Saturday, August 24, 2013

MDX technical design

Hi folks, as promised i present the next part of my MDX posts. This time i will elaborate on the technical part of MDX as well as give you, the reader, a view of how  OS deployments are done; the MDX way.

MDX design; technical facts

MDX is build in PowerShell, the GUI is designed in SAPIEN’s Primal Forms Community Edition and the application is programmed in Microsoft’s own PowerShell ISA. the script counts around 3000 lines of code of which roughly 2000 lines are accounted for by the GUI. the script is divided in 15 Functions and 6 sections.

The general idea of the applications is: unification and simplification of MDT and accompanying tools to an end-to-end deployment solution.

mdx opbouw

Architecture

MDX is designed around the functionality of a few components:

Here is the graphical representation of the design

Architecture MDX

MDX has a few sections that do the work. each section does a part of the total solution; for example there is a section in MDX that accepts input from the GUI checks its validity and, if verified, adds or modifies a corresponding computer item in MDT- in its database. another section does communicate with PzExec.exe and adds the needed variables to the tools to get a deployment started.

How does MDT accomplish end-to-end automated deployment?

The ‘secret’ of MDX is the way all under laying components are ‘orchestrated’ to make a ‘deployment symphony’ …. the way MDX does this is as follows:

  • MDX controls the MDT database (which is crucial for end-to-end automated deployments) via PowerShell
  • MDX takes variables from the UI and combines it with preconfigured components in MDT and other used tools
  • MDX manipulates a computer object from the MDT database in such a way that it is deployment ready
  • MDX adds ‘non standard’ items or features to the preconfigured building blocks like: for example: add a few applications to the deployment of a certain computer and adds a user account as local administrator to the same deployment as well
  • MDX controls the WDS PXE server and thus controls who may- and may not boot to PXE and do a deployment via the network
  • MDX can directly fire a preconfigured computer to do a deployment.

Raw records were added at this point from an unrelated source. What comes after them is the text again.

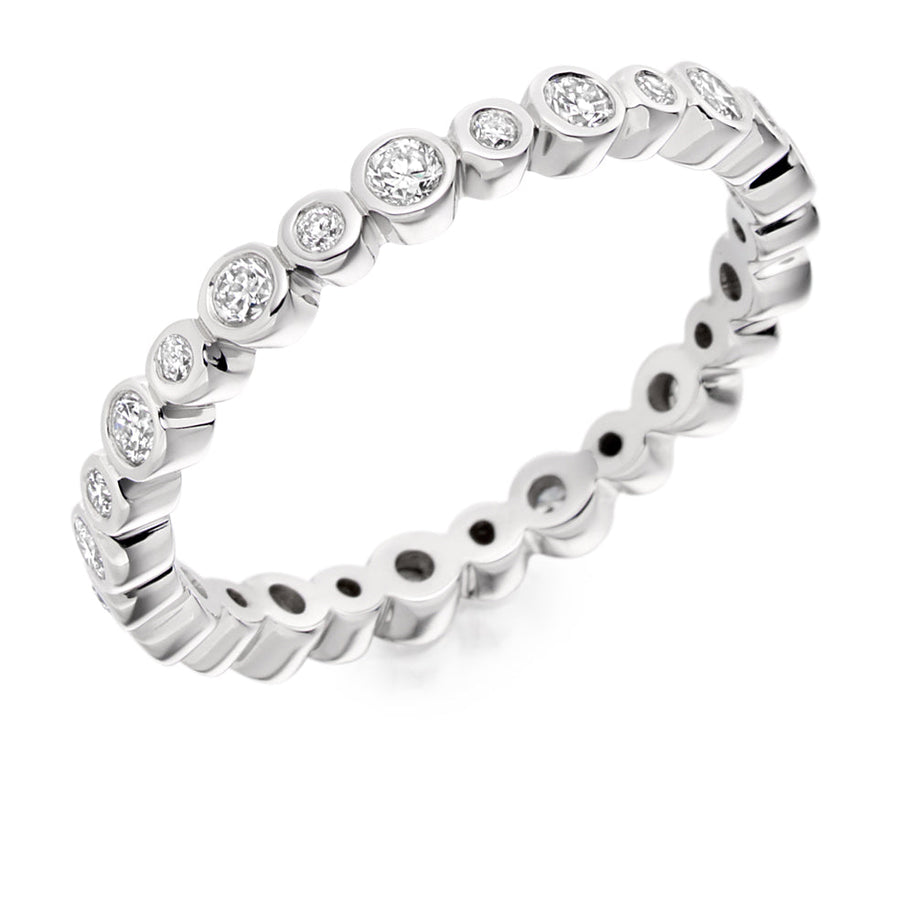 Rubover Diamond Full Eternity Ring, 0.55ct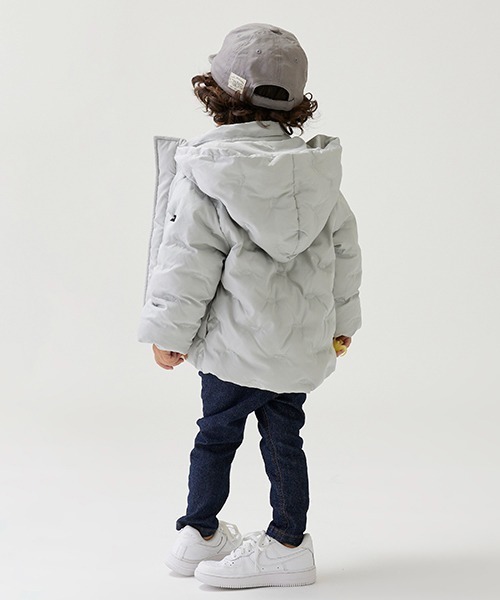 petit main（プティマイン）の「裏シャギーデニムストレートパンツ（デニムパンツ・キッズ・ネイビー/ブルー・100cm/90cm/120cm/80ｃｍ/110cm/130cm）」の4枚目の写真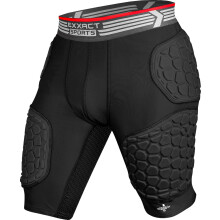Exxact Sports Elite 5-pads voksenfodboldb?lte til m?nd med koplomme polstrede kompressionsshorts med integrerede hofte-l?rhalebenspuder Herreb?lt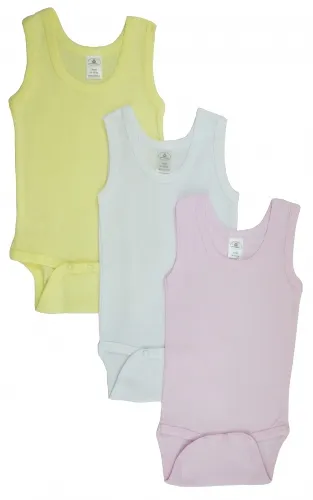 Bambini Layette Infant Wear - From: 108L To: 108S - BLI Girls Tank Top Onezies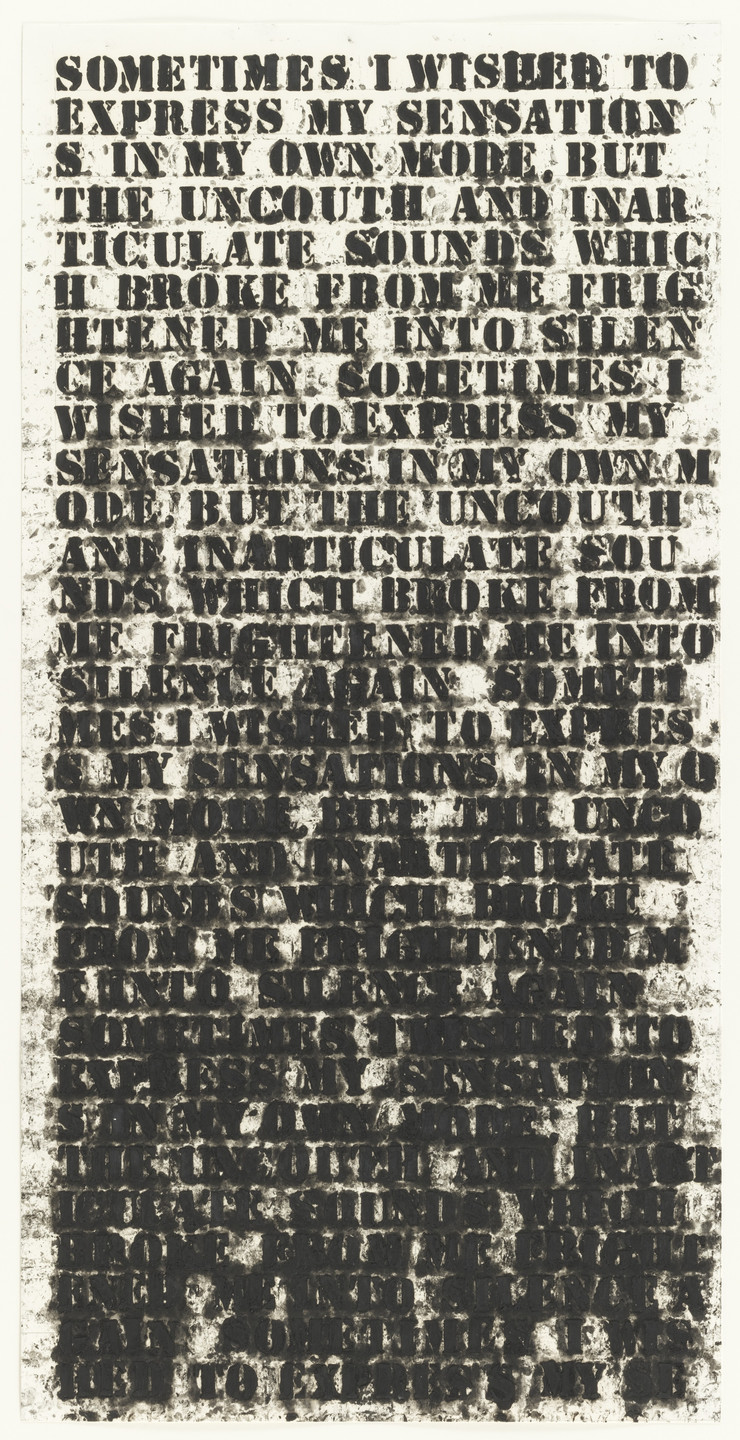 Glenn Ligon. Study for Frankenstein #1. 1992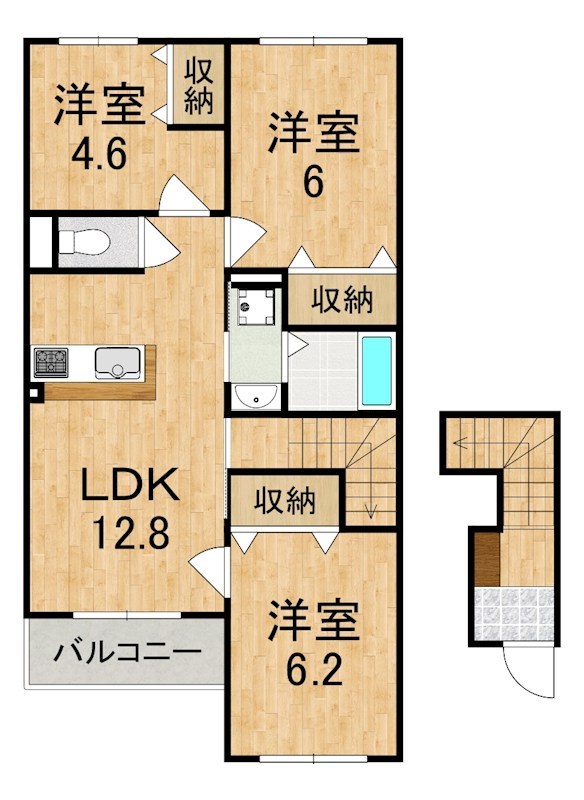 シャイン　ヒルズ 201号室 間取り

What is to be expected from doing deployments with MDX

Apart from the fact that MDX takes away the direct interaction with MDT, MDX will give the User direct control over all building blocks of the deployment chain from a single GUI. the user can start off with a computer name, check the settings and modify them and fire of the deployment to the machine.

One important thing to realize is: MDX will help the user to select ALL settings and set them without the possibility of human error (like typing). MDX eases these tasks by presenting a simple but effective UI that will help de user select those things needed MUCH faster AND easier than when he- or she would do manually in MDT itself. as a bonus it eases the management of tools like WDS or the start of MDT deployment in the traditional way.